Data extracted from a collection
***
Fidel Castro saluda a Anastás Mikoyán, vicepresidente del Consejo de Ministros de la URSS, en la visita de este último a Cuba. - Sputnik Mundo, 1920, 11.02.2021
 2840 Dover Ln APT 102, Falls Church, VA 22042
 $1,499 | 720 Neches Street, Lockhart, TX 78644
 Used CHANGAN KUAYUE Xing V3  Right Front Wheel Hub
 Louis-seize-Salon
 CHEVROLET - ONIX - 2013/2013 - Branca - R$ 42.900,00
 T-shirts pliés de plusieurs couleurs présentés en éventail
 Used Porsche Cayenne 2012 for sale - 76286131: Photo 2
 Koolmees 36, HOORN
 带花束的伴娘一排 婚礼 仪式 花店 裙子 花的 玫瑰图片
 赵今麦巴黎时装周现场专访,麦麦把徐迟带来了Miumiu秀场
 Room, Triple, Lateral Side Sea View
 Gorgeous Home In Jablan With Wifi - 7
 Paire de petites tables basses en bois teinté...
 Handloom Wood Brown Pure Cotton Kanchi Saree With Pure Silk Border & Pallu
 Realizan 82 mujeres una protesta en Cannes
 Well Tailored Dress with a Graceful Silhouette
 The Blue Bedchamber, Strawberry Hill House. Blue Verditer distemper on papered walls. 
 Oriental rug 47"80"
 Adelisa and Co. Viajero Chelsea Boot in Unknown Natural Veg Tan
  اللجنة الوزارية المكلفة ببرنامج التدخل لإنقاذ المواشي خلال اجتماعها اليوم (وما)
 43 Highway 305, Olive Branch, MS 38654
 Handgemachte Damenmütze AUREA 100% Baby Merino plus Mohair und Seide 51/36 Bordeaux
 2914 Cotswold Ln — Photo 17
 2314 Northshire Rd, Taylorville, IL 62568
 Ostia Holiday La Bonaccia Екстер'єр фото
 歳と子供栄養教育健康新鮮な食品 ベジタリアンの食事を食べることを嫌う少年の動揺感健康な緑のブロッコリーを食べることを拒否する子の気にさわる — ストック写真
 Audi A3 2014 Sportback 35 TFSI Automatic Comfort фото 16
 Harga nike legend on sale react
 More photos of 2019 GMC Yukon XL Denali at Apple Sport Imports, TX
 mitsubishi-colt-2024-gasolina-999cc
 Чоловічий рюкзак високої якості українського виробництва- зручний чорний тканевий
***
What needs to be done -> Exactly as they stand above, repeat all the records.

Solved problem ->
Fidel Castro saluda a Anastás Mikoyán, vicepresidente del Consejo de Ministros de la URSS, en la visita de este último a Cuba. - Sputnik Mundo, 1920, 11.02.2021
 2840 Dover Ln APT 102, Falls Church, VA 22042
 $1,499 | 720 Neches Street, Lockhart, TX 78644
 Used CHANGAN KUAYUE Xing V3  Right Front Wheel Hub
 Louis-seize-Salon
 CHEVROLET - ONIX - 2013/2013 - Branca - R$ 42.900,00
 T-shirts pliés de plusieurs couleurs présentés en éventail
 Used Porsche Cayenne 2012 for sale - 76286131: Photo 2
 Koolmees 36, HOORN
 带花束的伴娘一排 婚礼 仪式 花店 裙子 花的 玫瑰图片
 赵今麦巴黎时装周现场专访,麦麦把徐迟带来了Miumiu秀场
 Room, Triple, Lateral Side Sea View
 Gorgeous Home In Jablan With Wifi - 7
 Paire de petites tables basses en bois teinté...
 Handloom Wood Brown Pure Cotton Kanchi Saree With Pure Silk Border & Pallu
 Realizan 82 mujeres una protesta en Cannes
 Well Tailored Dress with a Graceful Silhouette
 The Blue Bedchamber, Strawberry Hill House. Blue Verditer distemper on papered walls. 
 Oriental rug 47"80"
 Adelisa and Co. Viajero Chelsea Boot in Unknown Natural Veg Tan
  اللجنة الوزارية المكلفة ببرنامج التدخل لإنقاذ المواشي خلال اجتماعها اليوم (وما)
 43 Highway 305, Olive Branch, MS 38654
 Handgemachte Damenmütze AUREA 100% Baby Merino plus Mohair und Seide 51/36 Bordeaux
 2914 Cotswold Ln — Photo 17
 2314 Northshire Rd, Taylorville, IL 62568
 Ostia Holiday La Bonaccia Екстер'єр фото
 歳と子供栄養教育健康新鮮な食品 ベジタリアンの食事を食べることを嫌う少年の動揺感健康な緑のブロッコリーを食べることを拒否する子の気にさわる — ストック写真
 Audi A3 2014 Sportback 35 TFSI Automatic Comfort фото 16
 Harga nike legend on sale react
 More photos of 2019 GMC Yukon XL Denali at Apple Sport Imports, TX
 mitsubishi-colt-2024-gasolina-999cc
 Чоловічий рюкзак високої якості українського виробництва- зручний чорний тканевий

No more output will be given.